The Middlesbrough defender Andrew Taylor is launching a new website that will put an end to his fellow pros being charged too much by tradesmen who see young multi-millionaires as soft targets.

Grocery Store Clerk: Okay, so your total comes to £37.20.
Andrew Taylor: Excuse me, but are you fucking joking?
GSC: Sorry?
AT: Look, your magical screen there shows £1.29 for a box of Cheerios.
GSC: Yes sir, that's the listed price. Oh wait, sorry, that's actually the sale price. Did you bring a coupon book? Because I think you can save an additional twenty pence.
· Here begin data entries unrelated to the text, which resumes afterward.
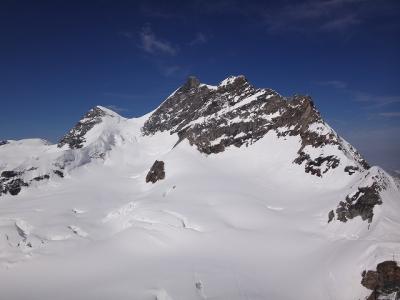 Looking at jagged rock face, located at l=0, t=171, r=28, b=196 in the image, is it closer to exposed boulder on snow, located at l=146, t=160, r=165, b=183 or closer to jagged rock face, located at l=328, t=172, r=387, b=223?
exposed boulder on snow, located at l=146, t=160, r=165, b=183

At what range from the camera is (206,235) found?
44094 mm

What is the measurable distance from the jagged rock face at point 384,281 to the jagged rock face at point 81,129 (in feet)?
299

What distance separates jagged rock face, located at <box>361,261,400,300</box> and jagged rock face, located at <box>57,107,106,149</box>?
91139 mm

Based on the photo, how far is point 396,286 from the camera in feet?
93.7

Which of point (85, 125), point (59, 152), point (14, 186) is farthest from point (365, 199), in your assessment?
Answer: point (85, 125)

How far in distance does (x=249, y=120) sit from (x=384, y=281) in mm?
50980

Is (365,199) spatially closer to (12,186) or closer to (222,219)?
(222,219)

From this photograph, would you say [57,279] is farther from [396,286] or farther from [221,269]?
[396,286]

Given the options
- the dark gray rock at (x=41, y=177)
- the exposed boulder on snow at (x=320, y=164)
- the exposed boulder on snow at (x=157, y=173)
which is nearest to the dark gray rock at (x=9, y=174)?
the dark gray rock at (x=41, y=177)

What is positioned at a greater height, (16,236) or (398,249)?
(16,236)

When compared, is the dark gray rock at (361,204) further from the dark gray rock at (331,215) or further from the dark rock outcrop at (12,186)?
the dark rock outcrop at (12,186)

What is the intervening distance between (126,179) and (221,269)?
2114 inches

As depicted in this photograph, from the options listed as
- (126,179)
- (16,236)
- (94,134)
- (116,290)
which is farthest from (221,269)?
(94,134)

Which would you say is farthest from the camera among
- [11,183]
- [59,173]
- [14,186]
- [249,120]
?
[59,173] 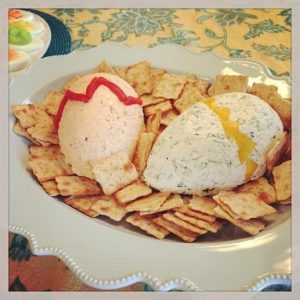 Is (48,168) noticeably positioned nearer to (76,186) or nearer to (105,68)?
(76,186)

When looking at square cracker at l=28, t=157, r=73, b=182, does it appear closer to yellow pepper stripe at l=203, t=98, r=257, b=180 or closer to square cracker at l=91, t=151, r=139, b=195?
square cracker at l=91, t=151, r=139, b=195

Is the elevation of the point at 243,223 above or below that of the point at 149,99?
below

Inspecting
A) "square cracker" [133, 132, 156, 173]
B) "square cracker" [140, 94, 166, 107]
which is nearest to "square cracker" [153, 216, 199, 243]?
"square cracker" [133, 132, 156, 173]

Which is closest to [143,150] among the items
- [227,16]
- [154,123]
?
[154,123]

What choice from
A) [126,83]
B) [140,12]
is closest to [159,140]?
[126,83]

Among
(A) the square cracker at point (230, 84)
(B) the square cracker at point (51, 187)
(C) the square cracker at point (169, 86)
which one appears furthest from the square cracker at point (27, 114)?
(A) the square cracker at point (230, 84)

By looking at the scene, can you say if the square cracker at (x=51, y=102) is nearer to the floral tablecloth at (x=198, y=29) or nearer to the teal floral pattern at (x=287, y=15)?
the floral tablecloth at (x=198, y=29) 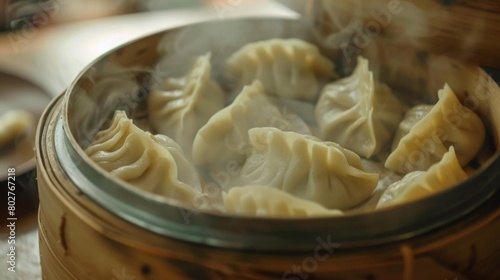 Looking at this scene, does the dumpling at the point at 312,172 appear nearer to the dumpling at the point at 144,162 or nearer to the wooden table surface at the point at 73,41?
the dumpling at the point at 144,162

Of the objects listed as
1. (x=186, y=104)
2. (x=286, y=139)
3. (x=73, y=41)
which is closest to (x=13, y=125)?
(x=186, y=104)

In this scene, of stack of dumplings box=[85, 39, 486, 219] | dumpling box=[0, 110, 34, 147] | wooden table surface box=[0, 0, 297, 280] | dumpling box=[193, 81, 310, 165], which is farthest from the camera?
wooden table surface box=[0, 0, 297, 280]

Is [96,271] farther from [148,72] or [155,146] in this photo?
[148,72]

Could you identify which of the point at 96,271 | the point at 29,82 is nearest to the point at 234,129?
the point at 96,271

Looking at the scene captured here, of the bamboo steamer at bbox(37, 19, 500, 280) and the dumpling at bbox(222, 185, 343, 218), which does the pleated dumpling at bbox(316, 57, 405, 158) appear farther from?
the dumpling at bbox(222, 185, 343, 218)

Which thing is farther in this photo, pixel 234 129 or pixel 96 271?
pixel 234 129

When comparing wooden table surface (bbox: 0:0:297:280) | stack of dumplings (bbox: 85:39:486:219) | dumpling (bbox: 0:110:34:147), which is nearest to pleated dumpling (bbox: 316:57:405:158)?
stack of dumplings (bbox: 85:39:486:219)

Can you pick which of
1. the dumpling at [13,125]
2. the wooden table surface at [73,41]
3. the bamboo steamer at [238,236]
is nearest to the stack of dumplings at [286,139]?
the bamboo steamer at [238,236] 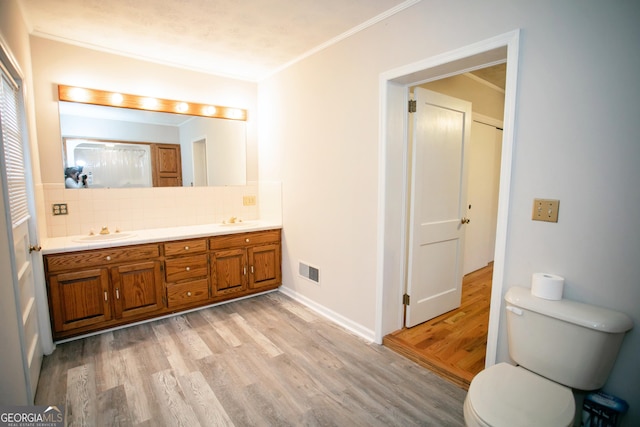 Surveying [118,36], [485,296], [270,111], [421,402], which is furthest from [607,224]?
[118,36]

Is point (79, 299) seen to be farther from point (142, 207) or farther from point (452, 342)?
point (452, 342)

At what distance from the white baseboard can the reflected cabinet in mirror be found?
1.50m

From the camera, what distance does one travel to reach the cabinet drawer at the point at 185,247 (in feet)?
9.62

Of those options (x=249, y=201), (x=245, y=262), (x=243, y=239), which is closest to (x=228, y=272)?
(x=245, y=262)

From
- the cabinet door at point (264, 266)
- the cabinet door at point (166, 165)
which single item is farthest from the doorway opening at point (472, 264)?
the cabinet door at point (166, 165)

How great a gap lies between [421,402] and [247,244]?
221cm

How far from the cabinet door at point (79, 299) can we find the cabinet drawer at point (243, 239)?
37.9 inches

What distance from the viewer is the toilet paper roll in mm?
1525

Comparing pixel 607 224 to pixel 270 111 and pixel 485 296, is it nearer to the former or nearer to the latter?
pixel 485 296

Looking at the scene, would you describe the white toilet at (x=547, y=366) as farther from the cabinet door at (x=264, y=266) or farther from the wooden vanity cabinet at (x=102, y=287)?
the wooden vanity cabinet at (x=102, y=287)

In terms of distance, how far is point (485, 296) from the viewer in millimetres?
3441

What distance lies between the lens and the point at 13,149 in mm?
1991

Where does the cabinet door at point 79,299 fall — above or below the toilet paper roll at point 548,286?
below

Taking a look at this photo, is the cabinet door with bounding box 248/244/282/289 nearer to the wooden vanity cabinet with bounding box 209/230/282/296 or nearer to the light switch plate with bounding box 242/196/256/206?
the wooden vanity cabinet with bounding box 209/230/282/296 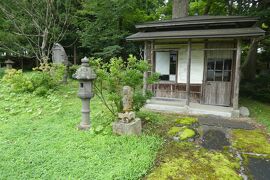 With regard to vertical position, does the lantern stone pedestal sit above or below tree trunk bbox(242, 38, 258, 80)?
below

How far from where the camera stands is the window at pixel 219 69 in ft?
25.3

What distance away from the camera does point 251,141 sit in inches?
190

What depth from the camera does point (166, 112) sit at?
24.3 feet

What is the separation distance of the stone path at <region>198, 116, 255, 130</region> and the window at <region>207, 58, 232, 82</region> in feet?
5.71

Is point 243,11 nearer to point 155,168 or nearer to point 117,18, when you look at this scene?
point 117,18

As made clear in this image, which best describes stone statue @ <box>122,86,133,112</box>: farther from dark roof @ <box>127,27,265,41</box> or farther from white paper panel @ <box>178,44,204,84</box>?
white paper panel @ <box>178,44,204,84</box>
AT: £1.29 for a box of circley bits of ground-up wheat?
GSC: Um...
AT: Do you know who I am?
GSC: No.
AT: I play for Middlesbrough.
GSC: I'm sorry, I'm sort of a darts person. Is that a cricket club or something?
AT: Look, I know what you're doin' here. I know what Marks and Sparks has always been doing to me. Look at that, £1.99 for microwaveable mashed potatoes. I'm sure that's the Premium price right? Or maybe...the Premier League price? One day people like you are going to end up in a Human Rights Tribunal in the Hague.
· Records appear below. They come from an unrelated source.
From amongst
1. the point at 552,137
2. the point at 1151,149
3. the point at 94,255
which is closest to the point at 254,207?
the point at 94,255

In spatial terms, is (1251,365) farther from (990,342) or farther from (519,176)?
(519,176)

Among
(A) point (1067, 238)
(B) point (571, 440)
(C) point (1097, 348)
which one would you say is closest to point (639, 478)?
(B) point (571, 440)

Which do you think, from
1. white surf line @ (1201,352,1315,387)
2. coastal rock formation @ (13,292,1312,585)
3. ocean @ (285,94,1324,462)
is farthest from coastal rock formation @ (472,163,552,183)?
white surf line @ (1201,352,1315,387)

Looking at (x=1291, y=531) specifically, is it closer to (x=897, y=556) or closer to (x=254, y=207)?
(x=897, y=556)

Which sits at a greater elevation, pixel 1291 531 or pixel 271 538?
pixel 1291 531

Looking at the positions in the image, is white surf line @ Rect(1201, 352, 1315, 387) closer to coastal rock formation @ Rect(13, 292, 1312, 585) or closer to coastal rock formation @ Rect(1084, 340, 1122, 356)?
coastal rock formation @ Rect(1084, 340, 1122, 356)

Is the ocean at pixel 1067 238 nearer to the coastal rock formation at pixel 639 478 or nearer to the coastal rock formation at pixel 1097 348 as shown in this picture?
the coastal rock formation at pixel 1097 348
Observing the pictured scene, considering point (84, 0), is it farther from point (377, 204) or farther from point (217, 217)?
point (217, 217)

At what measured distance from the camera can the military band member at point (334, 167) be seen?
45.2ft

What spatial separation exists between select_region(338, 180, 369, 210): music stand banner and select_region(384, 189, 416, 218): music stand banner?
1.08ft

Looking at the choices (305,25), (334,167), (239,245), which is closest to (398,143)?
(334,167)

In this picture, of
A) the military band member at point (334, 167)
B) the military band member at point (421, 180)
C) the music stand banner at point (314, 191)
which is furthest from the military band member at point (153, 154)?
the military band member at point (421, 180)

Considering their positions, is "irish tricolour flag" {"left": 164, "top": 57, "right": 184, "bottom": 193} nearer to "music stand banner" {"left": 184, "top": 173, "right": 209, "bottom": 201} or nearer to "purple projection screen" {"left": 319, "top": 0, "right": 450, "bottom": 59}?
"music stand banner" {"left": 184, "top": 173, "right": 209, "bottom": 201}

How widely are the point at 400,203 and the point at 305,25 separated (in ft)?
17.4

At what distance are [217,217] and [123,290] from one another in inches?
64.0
GSC: Oh hold on, are you a footballer?
AT: Yeah that's ri—
GSC: Wait but Middlesbrough are in the Championship, aren't they? I know that because my cousin is a chronic gambler and we had drinks last week and he said they had terrible problems at the back—
AT: Yeah, well, stop ripping me off. And stop listening to my phonecalls at night. And spying on my brain waves and such with your television screens. Do you know there's a man sent by the Queen to my house who drops off sheets of paper demanding money from me? Do they think I'm stupid?
GSC: You mean the postman?
AT: Look, I'm not paying for these groceries. I'm just going to walk out of here to my Ferrari Testarossa and drive off at the special agreed Premier League speed limit of fifty over the signpost maximium speed. And it really burns me that don't you play more Phil Collins on the PA here.
GSC: It's actually a Muzak radio station. I'd just ask that you please not hurt me.
AT: Oh look, more "special demands" for Premier League players only. We shall overcome.